The systems and subsystems related to Drupal’s migration API are certainly exciting. In the previous articles in this series, I wanted to draw as complete a map as possible (part one) of the vast amount of resources, possibilities and referenced experts. In the second part I wanted to expose some basic mechanics of the migration processes in Drupal and knowing that this opens the door to thousands of options, possibilities and techniques….I didn’t want to let a third article go by without sharing some experiences migrating data from a common format as a Google Spreadsheet, just an usual way in wich sometimes the data are sent.
Picture from Unsplash, user Pan Xiaozhen, @zhenhappy
Table of Contents
1- Introduction and remember ETL processes
2- Exposing data through Google Spreadsheet
3- Special Properties from the JSON transformation
4- Characteristics of the Migration
5- Custom Module for Migration
6- :wq!
This article is part of a series of posts about Drupal Migrations
1- Drupal Migrations (I): Basic Resources
2- Drupal Migrations (II): Examples
3- Drupal Migrations (III): Migrating from Google Spreadsheet
4- Drupal Migrations (IV): Debugging Migrations First Part
5- Drupal Migrations (V): Debugging Migrations-II
Well, I would like to start by posing a scenario: imagine that we must migrate a list of taxonomy terms to our Drupal Installation. The source of the data is important, since it defines what type of Plugins we will have to use (source Plugins for the extract, but it can also have influence for the processing and for the final load in destination).
The imagined scenario of this article will be the following: we have “inherited” a migration task already initiated by a previous partner. This migration consists of populating an existing vocabulary in our Drupal installation with taxonomy terms.

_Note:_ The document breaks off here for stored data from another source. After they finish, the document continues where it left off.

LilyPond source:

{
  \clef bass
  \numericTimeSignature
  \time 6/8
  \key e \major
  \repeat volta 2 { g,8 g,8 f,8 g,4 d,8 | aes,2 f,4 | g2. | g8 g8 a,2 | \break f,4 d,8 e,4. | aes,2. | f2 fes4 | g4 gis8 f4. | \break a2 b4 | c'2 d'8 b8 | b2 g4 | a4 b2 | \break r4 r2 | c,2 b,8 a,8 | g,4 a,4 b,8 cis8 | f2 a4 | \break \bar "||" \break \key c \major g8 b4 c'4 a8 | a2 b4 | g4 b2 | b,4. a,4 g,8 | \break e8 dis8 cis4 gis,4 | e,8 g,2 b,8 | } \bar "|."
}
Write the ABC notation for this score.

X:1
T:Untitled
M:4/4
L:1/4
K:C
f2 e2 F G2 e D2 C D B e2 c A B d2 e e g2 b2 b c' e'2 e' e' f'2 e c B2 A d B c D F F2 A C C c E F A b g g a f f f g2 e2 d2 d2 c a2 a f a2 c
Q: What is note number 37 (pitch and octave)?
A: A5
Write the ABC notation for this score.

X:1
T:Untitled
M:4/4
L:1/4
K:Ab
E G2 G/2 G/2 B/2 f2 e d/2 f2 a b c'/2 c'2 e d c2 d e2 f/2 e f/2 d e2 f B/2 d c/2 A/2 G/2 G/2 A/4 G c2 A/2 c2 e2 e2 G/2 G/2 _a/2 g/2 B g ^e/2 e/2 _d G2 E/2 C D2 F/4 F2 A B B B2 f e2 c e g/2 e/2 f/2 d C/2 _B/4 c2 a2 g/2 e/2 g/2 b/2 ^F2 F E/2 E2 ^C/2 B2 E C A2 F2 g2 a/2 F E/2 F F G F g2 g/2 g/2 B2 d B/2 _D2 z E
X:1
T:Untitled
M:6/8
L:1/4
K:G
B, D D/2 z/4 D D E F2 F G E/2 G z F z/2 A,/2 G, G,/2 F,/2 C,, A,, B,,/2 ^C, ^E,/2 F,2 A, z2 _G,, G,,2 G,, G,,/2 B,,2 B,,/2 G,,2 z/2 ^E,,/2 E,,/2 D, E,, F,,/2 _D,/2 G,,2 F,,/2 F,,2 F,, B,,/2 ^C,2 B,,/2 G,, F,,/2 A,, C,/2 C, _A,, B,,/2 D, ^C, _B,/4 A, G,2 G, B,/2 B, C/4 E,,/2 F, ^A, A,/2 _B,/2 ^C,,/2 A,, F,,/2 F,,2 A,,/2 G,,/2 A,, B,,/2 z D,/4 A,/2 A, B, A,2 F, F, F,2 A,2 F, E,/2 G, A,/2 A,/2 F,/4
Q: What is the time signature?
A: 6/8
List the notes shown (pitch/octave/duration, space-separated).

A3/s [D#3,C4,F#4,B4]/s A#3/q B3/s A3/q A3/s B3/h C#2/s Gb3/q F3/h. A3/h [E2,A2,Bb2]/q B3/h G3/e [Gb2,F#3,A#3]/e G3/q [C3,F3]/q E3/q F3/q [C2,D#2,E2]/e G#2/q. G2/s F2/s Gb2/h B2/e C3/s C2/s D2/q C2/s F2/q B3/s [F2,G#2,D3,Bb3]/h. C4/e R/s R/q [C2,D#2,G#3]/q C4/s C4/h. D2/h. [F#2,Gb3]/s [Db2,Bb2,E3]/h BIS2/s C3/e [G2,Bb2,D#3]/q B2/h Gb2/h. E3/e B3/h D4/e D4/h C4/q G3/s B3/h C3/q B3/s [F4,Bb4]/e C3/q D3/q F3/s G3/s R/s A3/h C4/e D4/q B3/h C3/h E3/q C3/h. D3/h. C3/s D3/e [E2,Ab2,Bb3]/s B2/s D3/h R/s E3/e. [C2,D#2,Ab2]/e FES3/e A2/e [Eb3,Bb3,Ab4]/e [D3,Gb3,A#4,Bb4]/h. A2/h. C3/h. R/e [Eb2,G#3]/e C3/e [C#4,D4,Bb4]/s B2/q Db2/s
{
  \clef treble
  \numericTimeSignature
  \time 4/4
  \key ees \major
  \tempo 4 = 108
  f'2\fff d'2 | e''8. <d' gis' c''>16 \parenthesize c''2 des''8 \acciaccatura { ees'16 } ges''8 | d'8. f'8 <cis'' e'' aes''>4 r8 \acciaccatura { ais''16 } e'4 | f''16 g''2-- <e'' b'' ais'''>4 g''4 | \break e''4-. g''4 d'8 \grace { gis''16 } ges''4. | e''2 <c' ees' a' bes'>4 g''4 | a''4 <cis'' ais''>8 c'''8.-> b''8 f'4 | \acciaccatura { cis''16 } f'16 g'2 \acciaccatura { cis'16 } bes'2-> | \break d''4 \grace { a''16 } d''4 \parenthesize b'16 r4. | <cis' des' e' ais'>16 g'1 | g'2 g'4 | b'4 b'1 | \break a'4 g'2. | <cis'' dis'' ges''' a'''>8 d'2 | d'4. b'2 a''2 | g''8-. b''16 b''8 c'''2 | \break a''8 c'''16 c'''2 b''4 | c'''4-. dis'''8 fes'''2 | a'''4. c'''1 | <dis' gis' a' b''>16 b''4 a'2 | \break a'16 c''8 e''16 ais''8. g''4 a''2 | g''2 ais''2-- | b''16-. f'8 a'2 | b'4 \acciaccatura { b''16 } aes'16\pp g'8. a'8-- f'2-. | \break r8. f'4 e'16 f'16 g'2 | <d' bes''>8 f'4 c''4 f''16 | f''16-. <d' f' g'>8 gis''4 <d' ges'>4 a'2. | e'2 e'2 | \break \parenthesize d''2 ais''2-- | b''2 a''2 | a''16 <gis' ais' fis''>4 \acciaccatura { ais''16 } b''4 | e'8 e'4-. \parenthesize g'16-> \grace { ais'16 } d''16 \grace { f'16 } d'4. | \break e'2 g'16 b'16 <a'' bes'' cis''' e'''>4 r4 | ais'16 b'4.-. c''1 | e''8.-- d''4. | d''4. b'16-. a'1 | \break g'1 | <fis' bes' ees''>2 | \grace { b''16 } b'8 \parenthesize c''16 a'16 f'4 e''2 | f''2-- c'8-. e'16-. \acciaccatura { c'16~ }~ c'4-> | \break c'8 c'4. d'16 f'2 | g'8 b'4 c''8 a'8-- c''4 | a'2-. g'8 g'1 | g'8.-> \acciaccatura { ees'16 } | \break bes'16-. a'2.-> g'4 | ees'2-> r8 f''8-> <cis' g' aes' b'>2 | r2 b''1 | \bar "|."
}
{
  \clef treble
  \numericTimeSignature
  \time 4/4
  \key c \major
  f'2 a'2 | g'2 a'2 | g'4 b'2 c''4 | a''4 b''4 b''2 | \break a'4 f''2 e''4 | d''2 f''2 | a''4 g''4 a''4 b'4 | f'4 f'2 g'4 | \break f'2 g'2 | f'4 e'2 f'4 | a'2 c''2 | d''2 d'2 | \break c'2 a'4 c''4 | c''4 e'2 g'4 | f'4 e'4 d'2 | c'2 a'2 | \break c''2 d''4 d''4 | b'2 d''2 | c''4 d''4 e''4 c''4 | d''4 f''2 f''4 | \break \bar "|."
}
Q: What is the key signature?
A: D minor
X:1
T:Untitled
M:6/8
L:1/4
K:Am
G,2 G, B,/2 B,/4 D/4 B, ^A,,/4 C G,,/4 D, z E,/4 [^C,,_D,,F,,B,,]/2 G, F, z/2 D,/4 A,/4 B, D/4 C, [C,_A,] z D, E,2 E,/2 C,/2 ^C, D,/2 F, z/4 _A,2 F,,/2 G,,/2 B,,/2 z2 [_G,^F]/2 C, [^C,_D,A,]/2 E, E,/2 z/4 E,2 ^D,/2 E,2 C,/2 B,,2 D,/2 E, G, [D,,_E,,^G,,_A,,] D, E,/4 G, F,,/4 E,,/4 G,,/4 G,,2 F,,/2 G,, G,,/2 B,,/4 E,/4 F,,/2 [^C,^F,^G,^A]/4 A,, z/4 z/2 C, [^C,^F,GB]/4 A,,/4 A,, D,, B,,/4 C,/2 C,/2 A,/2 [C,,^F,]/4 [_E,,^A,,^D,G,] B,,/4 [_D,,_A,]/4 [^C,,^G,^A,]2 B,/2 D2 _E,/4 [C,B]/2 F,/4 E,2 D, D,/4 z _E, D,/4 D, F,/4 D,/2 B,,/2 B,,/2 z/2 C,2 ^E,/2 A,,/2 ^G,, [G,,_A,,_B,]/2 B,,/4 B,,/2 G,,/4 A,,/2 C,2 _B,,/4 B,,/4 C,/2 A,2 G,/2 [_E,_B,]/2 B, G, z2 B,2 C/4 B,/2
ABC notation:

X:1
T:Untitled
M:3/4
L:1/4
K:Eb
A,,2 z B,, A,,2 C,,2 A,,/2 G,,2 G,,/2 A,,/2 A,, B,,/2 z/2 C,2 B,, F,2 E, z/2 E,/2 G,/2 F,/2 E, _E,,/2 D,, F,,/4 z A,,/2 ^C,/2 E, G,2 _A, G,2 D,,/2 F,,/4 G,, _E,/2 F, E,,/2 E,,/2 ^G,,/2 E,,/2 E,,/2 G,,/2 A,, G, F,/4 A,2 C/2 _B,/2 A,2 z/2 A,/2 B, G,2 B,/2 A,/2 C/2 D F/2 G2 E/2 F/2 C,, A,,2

To practice with other Plugins and other migration models, I thought we can take a Google spreadsheet as a source of data. Let’s not forget the frame we’re in:
Today our goal will be to fill the fields of a taxonomy term using the data contained in a external Google Spreadsheet. So we have to complete these fields:
And we’re going to do this describing a Migrate Process and executing it as Configuration. Do you know the differences between migrations as code and as configuration? You can learn some keys about this topic here, in the previous article about Migrations.
So now, to perform source data extraction, we’ll need a spreadsheet with exposed values. I’ve created a Google spreadsheet here at this address. This Google Spreadsheet contains some columns with values related with fields of a taxonomy term, ready for migration.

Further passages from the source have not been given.